Q5. What’s the biggest challenge you face every year when it comes to compliance training?

No matter how many times I launch a training program, no matter how well I’ve documented a process, and how closely I follow that process, something is always going to throw a wrench in my plans. I’ve learned to anticipate and plan around it. Honestly, the biggest challenge is trying to get the timing down right in order to meet our training requirements, while accommodating various business schedules, global holidays, and major business deadlines. It’s never perfect, and it’s never easy, but it’s worth it to be a partner to the business and find the best possible compromise.

Q6. What’s the best piece of advice you’ve ever got on putting together your compliance training program?

I wish I had a pithy one-liner for this. The best advice I received on building a training program was to put the extra effort into targeting the audience. It was really stressful for me to plan this out on the back-end at first, in order to actually create and maintain accurate transcript assignments. But then I remembered being a writer early on in my career and having to take anti-corruption training when I had literally no contact with government officials, and if I did, I had nothing I could reasonably offer them. How are you supposed to engage with content that takes up to an hour of your already busy day and teaches you nothing of practical value to your job? It’s worth it not to put people through that – even if it requires a lot of quality assurance behind the scenes to get the right filters in place.

Q7. What are your training pet hates?

I can’t stand training that is disingenuous, cheesy, full of easily dated cultural references or slang, or that otherwise tries too hard to be hip and edgy. And while I think there are some great gamification models out there, there are many more that are sort of half-baked homages to classic games with some stodgy policy-language shoehorned in. As a gamer myself, it’s really hard for me to watch a demo like this and hear a pitch that amounts to: “Engineers will love this!” Yeah, I’m not so sure about that.

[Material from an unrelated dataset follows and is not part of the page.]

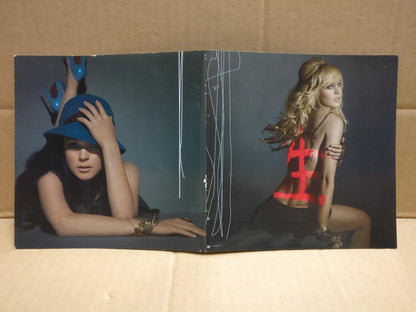 Lindsay Lohan A Little More Personal RAW 2005 Rare Singapore English CD FCS9902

Q8. What’s been your biggest success and why?

Building out a compliance training and communications program that went from paltry participation to 99%+ completion rate in just under three years. There’s tons of room to improve, expand, and mature, but I’m incredibly proud of what we’ve accomplished in such a short time, and for such a small team.

Q9. What innovations are you seeing in current training and do you think there is anything missing currently?

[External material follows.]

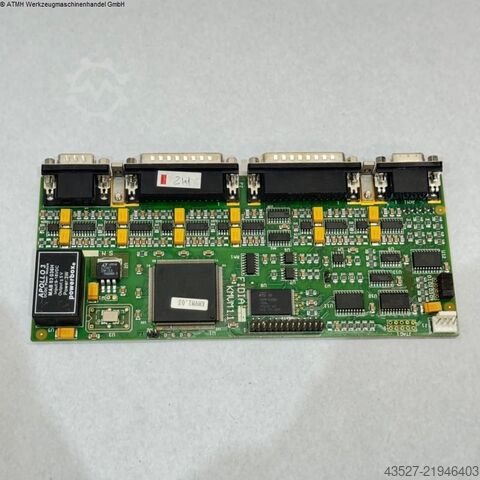 Ηλεκτρονικά / έλεγχοι PLC FIDIA KMVM1 Platine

I appreciate a clean, modern, global aesthetic in all trainings, and I especially love video-based courses. I think more compliance learning should take the shape of a short-form documentary or master class that really engages learners from the start, and gives them access to knowledge that they actually want to share and discuss with their peers. I also think there’s a huge gap in the amount of accessible courseware on the market – training that thoughtfully accommodates users of all abilities.

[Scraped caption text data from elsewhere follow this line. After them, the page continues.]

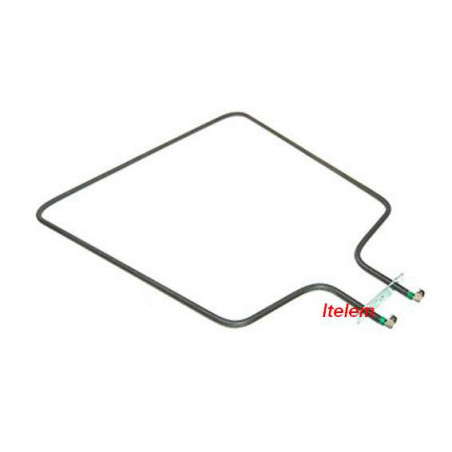 Resistance sole four Whirlpool Ikea 481225998432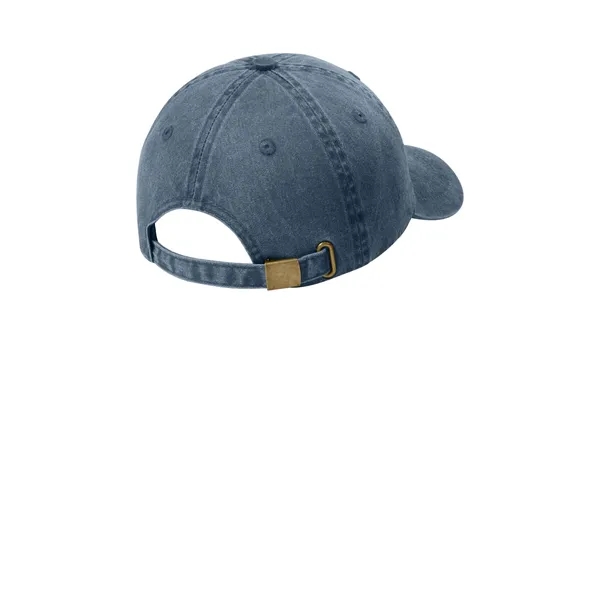 Port Authority Pigment-Dyed Cap. - Port Authority Pigment-Dyed Cap. - Image 13 of 16
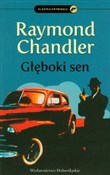 Książka : Głęboki se... - Raymond Chandler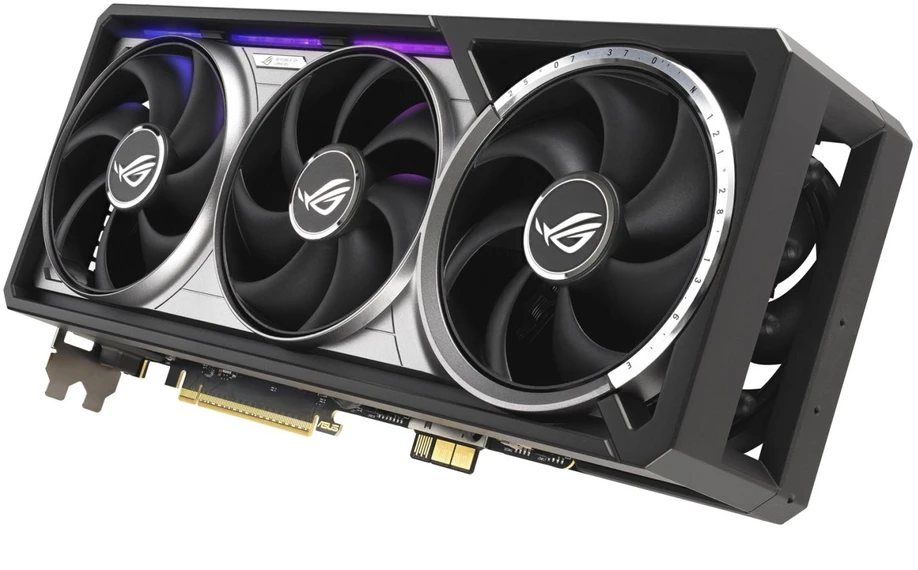 Vaizdo plokštė ASUS ROG Astral - -RTX5090-O32G-BTF-GAMING NVIDIA GeForce RTX 5090 32 GB GDDR7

Q10. If you could give one piece of advice to anyone thinking of training their employees, what would it be?

Focus on the human aspect. Yes, you have regulatory requirements and board mandates, and all manner of internal expectations to contend with. But you’re not going to win the people over by prioritizing prohibitions and punishments. Teach people how to be thoughtful, respectful, and ethical leaders. Show them how to make decisions that honor your corporate values, so they know how to measure their successes in those same terms. Respect their time, and give them content that is relevant to their job function. Think less about the boxes you need to check, and more about the people, and I promise you it will make a difference, not just in your completion rates, but in how engaged and invested your employees are.

“…there is nothing that tells a learner you care more about their experience than tailoring the content to your company.”